Cuando estamos enamorados, ser correspondidos es un gozo como hay pocos. En cambio, cuando no amamos, que nos amen es más bien un incordio..
Puede que en parte nos halague, y que incluso nos provoque un cierto conflicto ―pues el amor tiene su lado de voluntad―, pero a la larga lo más probable es que nos fastidien esas miradas que no podemos devolver.
¿Por qué nos importuna tanto? Porque el amor es un asalto: Cupido sale al mundo a cazar. Rebosa de deseo, y el anhelo es cáustico y ruidoso, por mucho que se contenga, o incluso más cuando se contiene en vano. El amor es un exceso que reclama sin medida; eso es lo que lo hace ciego, pues no puede verse más que a sí mismo.
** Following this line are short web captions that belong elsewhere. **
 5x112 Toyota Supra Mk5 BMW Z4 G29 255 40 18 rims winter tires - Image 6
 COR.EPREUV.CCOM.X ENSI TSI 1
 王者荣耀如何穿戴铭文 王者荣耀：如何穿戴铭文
Lo anega un heroísmo incontestable, no puede concebir que el mundo no se rinda a su paso; es incapaz de asimilar que se le dé la espalda, que tanta vida efervescente se derroche en un baldío.
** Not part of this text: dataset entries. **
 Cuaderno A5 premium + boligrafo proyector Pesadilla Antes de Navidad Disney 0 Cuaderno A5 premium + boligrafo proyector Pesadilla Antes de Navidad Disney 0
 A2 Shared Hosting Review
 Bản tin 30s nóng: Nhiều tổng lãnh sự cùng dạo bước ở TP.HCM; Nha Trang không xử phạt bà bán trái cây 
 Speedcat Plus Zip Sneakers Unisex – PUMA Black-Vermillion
El amante se siente tanto más solícito cuanto más fuerte es su amor; eso lo tiñe de un tinte patético que nos conmueve a los que lo vemos desde fuera ―¿cómo presenciar su candidez sin ternura, su despilfarro sin pena?―, pero que agobia a quien no responde a sus requerimientos, ofendido incluso por obligarle a la tosca negación. ¡Pobre amante malogrado! ¡Pobre amado aburrido!